Yo trataba de entender el subtexto de las palabras que decía Oliver a su amigo de nombre, digamos, Takeshi, cuando en un vistazo que le eché a mi hijo (para ver si él si comprendía el subtexto), vi que una criatura pequeña y oscura correteaba por su cabeza. Di por perdido el hilo de la digresión de Oliver y, desoyendo las airadas protestas de mi hijo, me puse a revisarle la cabeza, no mucho tiempo porque de inmediato vi, con cierto horror, que la tenía llena. "Tienes piojos", dije y mi declaración armó algún revuelo doméstico. Llegó mi hija corriendo a verle los piojos a su hermano y mientras se asomaba con aire triunfal a comprobarlo, vi que también por su cabeza correteaban un par de ejemplares, y estaba a punto de decirlo cuando mi hijo, que en ese momento estaba siendo escrutado por su hermana, me preguntó: "¿y qué es eso que tienes en la ceja izquierda?, ¿no es también un piojo?". "Estamos invadidos", dije. Mi frase sonó banal porque cayó sobre el fondo musical con que acaban las aventuras de los futbolistas japoneses. Lo primero que se me ocurrió fue buscar información en Google; sin agitar mucho la cabeza para no dejar mi ordenador infestado, escribí "piojos" y de inmediato aparecieron cuatro o cinco páginas de Los Piojos, un grupo de rock argentino que a juzgar por su presencia masiva en la Red debe de tener mucho éxito. Después venían una serie de páginas dedicadas al bicho que nos había invadido la cabeza; de éstas iba leyendo datos en voz alta que terminaron sumiéndonos en la miseria. En el sitio madrescontralospiojos.com, leí que estos parásitos se alimentan de sangre, como los vampiros, que viven entre 16 y 30 días y que pican un promedio de seis veces cada 24 horas.

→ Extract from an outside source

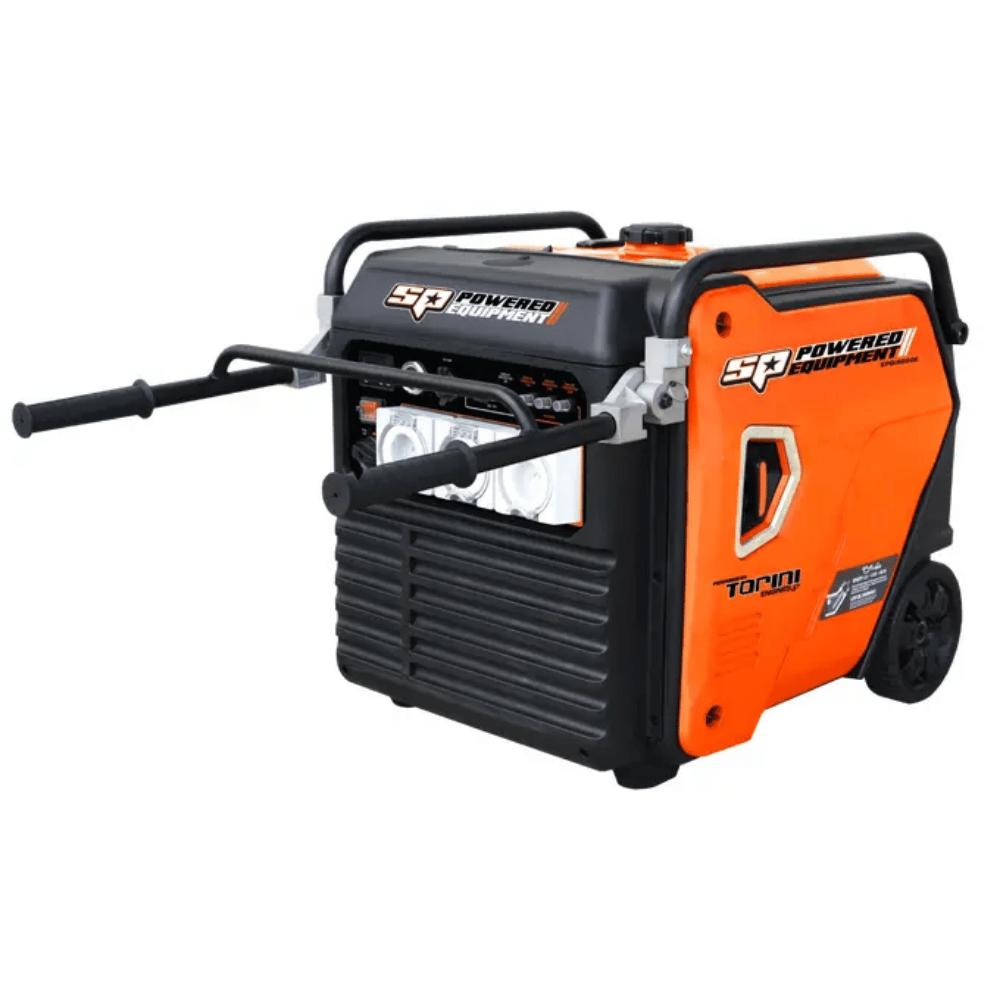 Orange and black inverter generator with 'SP Powered Equipment' branding on a white background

El dato que verdaderamente nos deprimió es éste: tenemos comezón en la cabeza porque el piojo, al chuparnos la sangre, también nos inocula su saliva. "Hay que actuar rápido", dije, espantando un piojo que quería metérseme en la boca, "porque una cosa es tener piojos, y otra andar con la cabeza llena de saliva".

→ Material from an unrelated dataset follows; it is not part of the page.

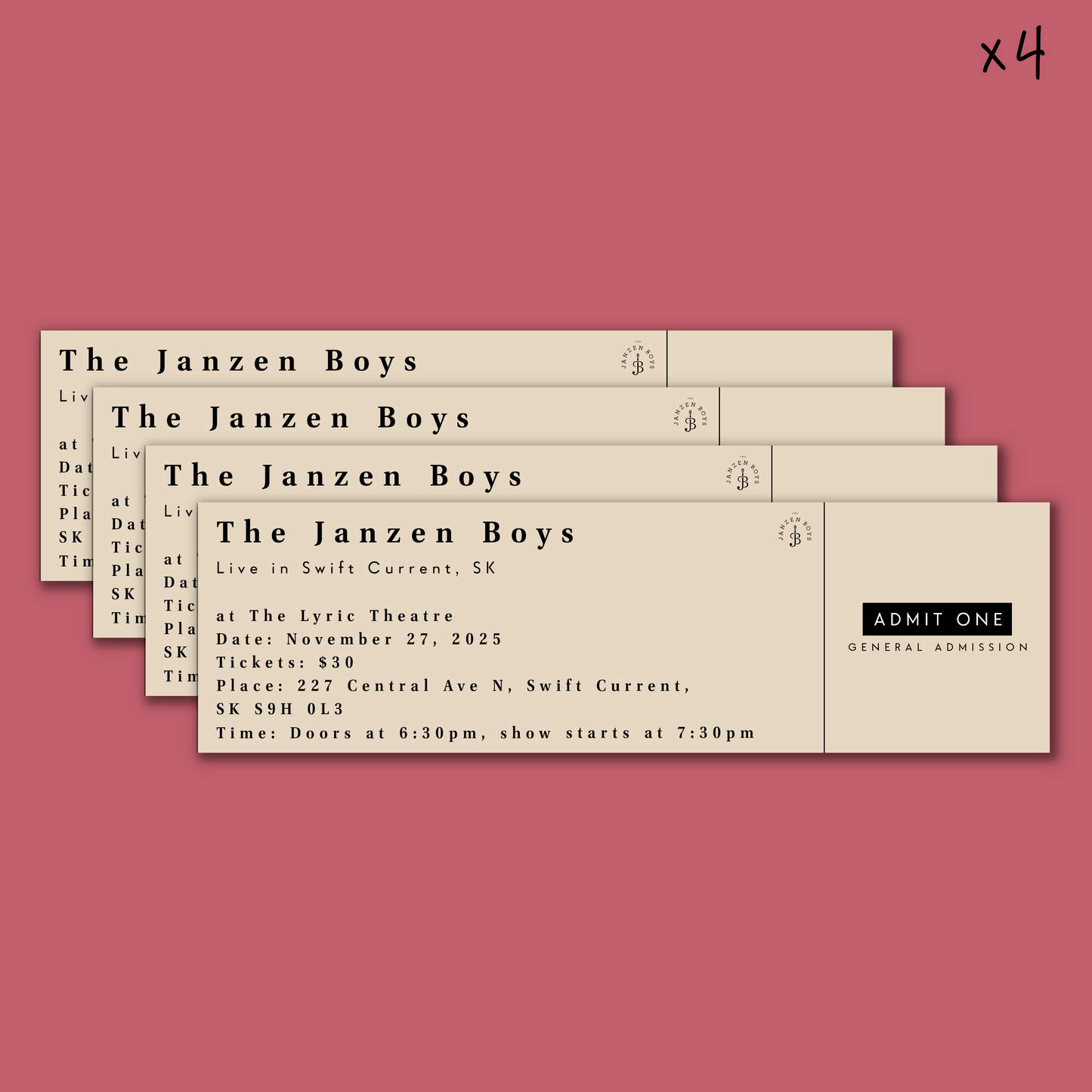 FOUR Tickets to The Janzen Boys Live in Swift Current - Thursday, November 27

Fuimos a la farmacia a comprar un super champú de Tea Tree (16 euros) y un peine metálico ranurado (14 euros). Cuando estábamos a punto de comenzar el tratamiento llegó nuestro vecino, un brasileño dado a los remedios exóticos que, al ver que habíamos comprado material para erradicar a los piojos, corrió a su casa a por unas velas de cebo negro y aseguró que, así como los tomates crecen mejor cuando se les ponen unos cascos (en sus supuestas orejas) con música de Mozart, los piojos caen liquidados cuando se les tocan, a buen volumen, los hits de Motor Head. De manera que encendimos las velas de cebo negro, aplicamos el champú antipiojos, nos pusimos un gorro durante media hora para potenciar sus efectos, después nos enjuagamos la cabeza y nos peinamos con el instrumento de 14 euros mientras oíamos, a todo volumen, canciones salvajes de Motor Head, combinadas (ésta fue mi aportación) con piezas desgarradoras de José Alfredo Jiménez. No se en qué proporción ayudó cada uno de los remedios, pero el resultado fue incuestionable: los piojos han sido erradicados, y la verdad, no queda claro si aplicamos una estrategia, o si fuimos improvisando como músicos de jazz.